You a fan of xargs
? Find yourself using the non-POSIX -P
that's available in
a lot of implementations a lot? Check out GNU parallel
.
If that quick paragraph made no sense to you, I'd recommend reading about
xargs
a little before reading this blog post. To sum up, let's say you have a
bunch of files you need to run a process on. Most programs nowadays will let you
feed all of those into them, but back in the day programs wouldn't let you do
this. They'd only take one as input. So what is one to do? xargs
.
If you, like me, always call xargs
with -P
, you'll love parallel
. Let's
take a look at a snippet to get the jist of what I mean:
# Convert all PNG files to WEBP find ./ -type f -name '*.png' | sed 's/\.png$//' | \ xargs -I {} -P $( nproc ) magick {}.png WEBP:{}.webp
Here's equivalent code in parallel
:
# Convert all PNG files to WEBP (using parallel) find ./ -type f -name '*.png' | \ parallel magick {} WEBP:{.}.webp
Not only are we not calling sed anymore, we also have reduced the amount of
flags we need for our parallelization program. parallel
has a very powerful
input manipulation system, which we'll dive into later. A notable change from
xargs
is that each command assumes only one line of input.

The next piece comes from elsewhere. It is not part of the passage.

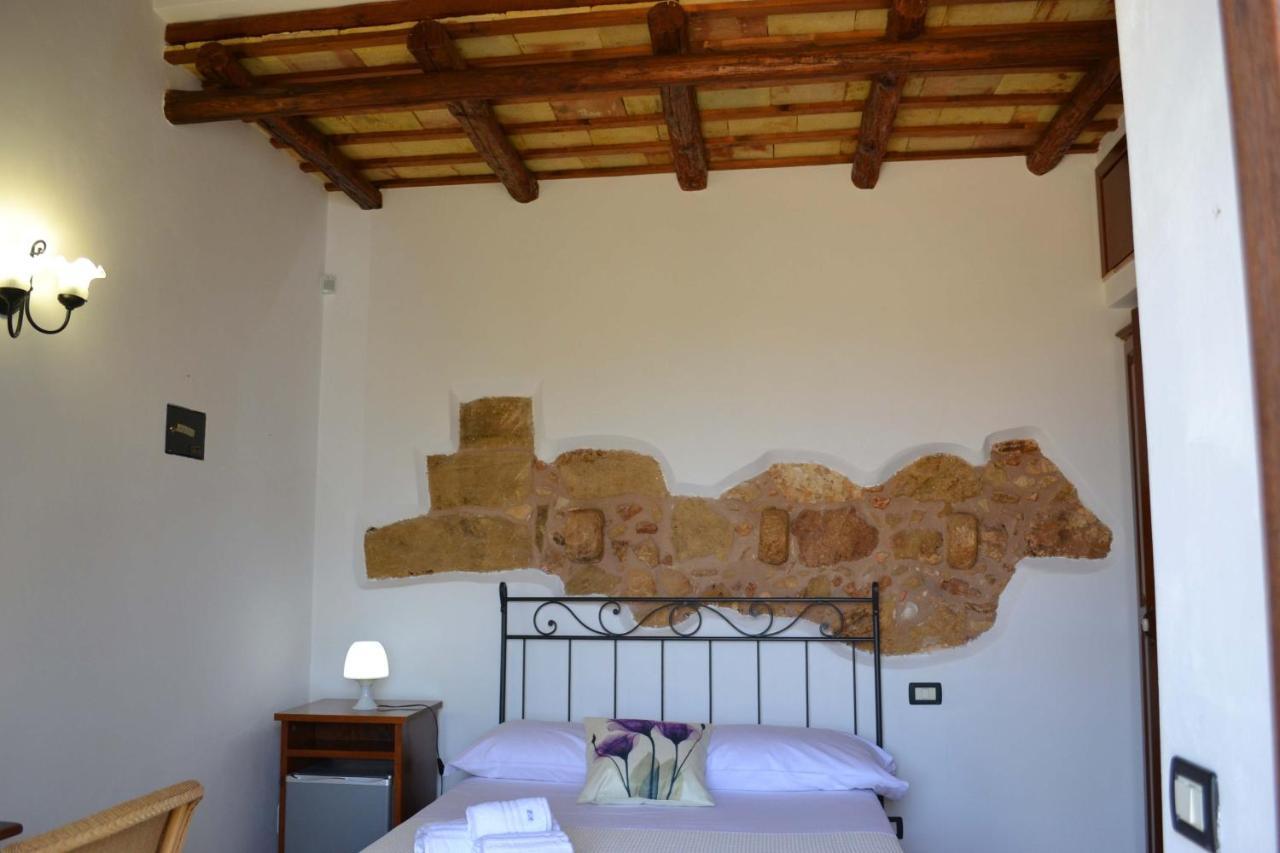 Hotel Cala Buguto Кустоначи Экстерьер фото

One thing I would like to note about parallel
is that the man page seems
almost designed to confuse. It certainly gives the vibes that it's written from
the program's designer's perspective, not necessarily from a user's. I suppose
it sticks with *nix
tradition then.
parallel
is very well suited for this work. For example, here's a script I
wrote (abbreviated):
find ./ -type f -name '*.mp4' | \ parallel \ 'check_file="$( ffprobe -do-the-thing )" if [[ "$check_file" != "" ]]; then if [[ "$check_file" == 1 ]]; then echo {} fi fi' | parallel \ 'ffmpeg -do-some-processing -i {} {.}.mkv'
You'll notice I called parallel twice. Once as a filter, to check if I need to do the processing, and then second as the process that I needed to do.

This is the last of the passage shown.